Tim Stranko serves as Westover’s general counsel on a retainer basis and is a member of the West Virginia Bar as well as the Morgantown Planning Commission.
Stranko first visited Elkins on his own dime to offer Elkins City Council his expertise and knowledge of municipal law. The public was not invited to the meeting.
“The council decided then to contract or to hire Mr. Stranko to come in and provide a lot of information up front for these discussions that they want to have ongoing,” Elkins City Clerk Jessica Sutton said.
Stranko was retained for $6,400 to include consultations, memo-drafting and related research, a move which was approved during an Elkins City Council Finance Committee meeting on Dec. 2.
“He’s been a municipal attorney for years and years, and he’s helped facilitate charter changes for other municipalities around the state in the past, Lewisburg being a good example,” Sutton said. “He has a lot of experience, he has a lot of expertise in this type of area so we asked him to come in and just kind of provide some of that information as far as what our options are.”
Stranko has broken the discussion down into separate topics for individual sessions with the city.
“In the first session, we focused a lot on the governmental body, which would be council. How can you structure council? What are the options and what are some of the pros and cons with these different options?” Sutton said.
In the second private meeting, he and the city focused more on the executive branch of government, including the strength of the city mayor and the benefits and downsides to adopting a city manager government.
“Now there are a lot of other things that are going into his education and that will be part of the conversation moving forward,” Sutton said. “Things that are included in the charter, like when the election is held, whether or not you want elected officials to be nominated or do self-nomination, if you want to keep the same number of wards and if you want elected officials to have to reside within particular wards. All of these types of things he’s kind of educating council and the (administrative) officers on right now.”

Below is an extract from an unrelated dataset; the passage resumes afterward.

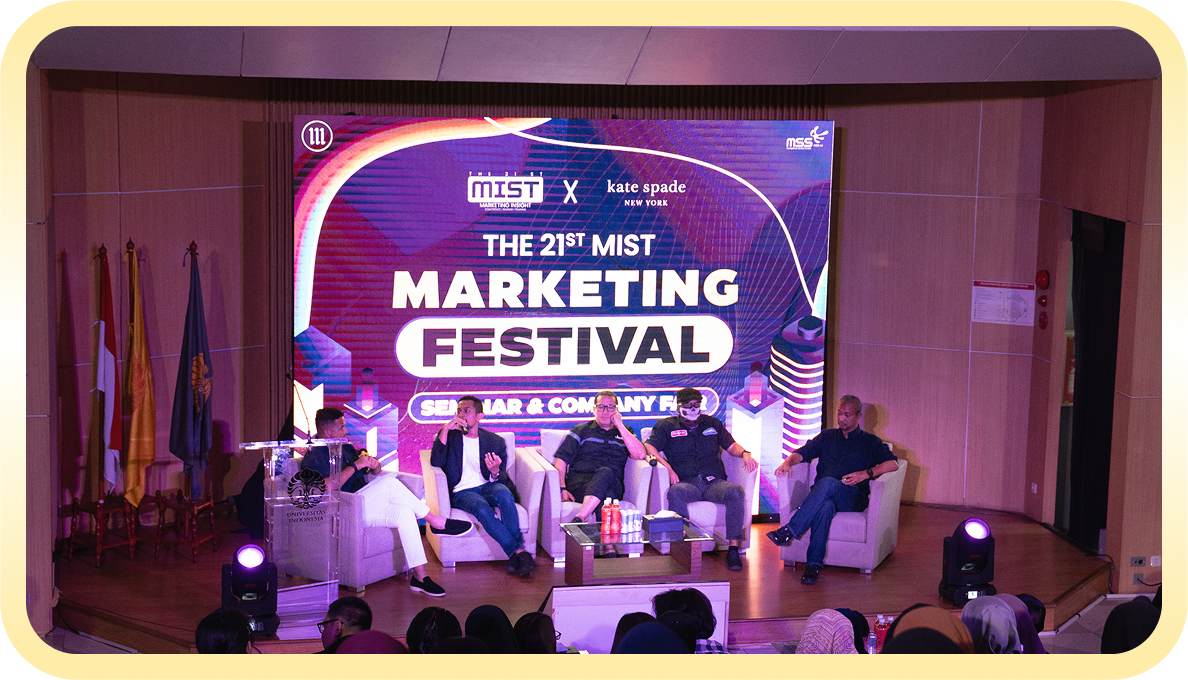 Marketing Festival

“Once we get (the sessions) done, the intention is to hold at least one, and likely more, public forums different from just a formal public hearing,” she said. “We really want to be able to engage with the constituents and see what their feelings are about these things… having some public sessions before it’s ever really drafted into an ordinance that would then go through Rules and Ordinances and then on to Council.”
If Stranko is required for any additional legal services outside of what he has been retained for, the city will need to determine payment and costs again at that time, according information provided by Sutton Stokes, the city’s external affairs specialist.
The city’s interest in changing to a city manager style of government was initially brought to light during a 2018 meeting of the Rules and Ordinance Committee, wherein officials discussed the potential benefits of creating the city manager position.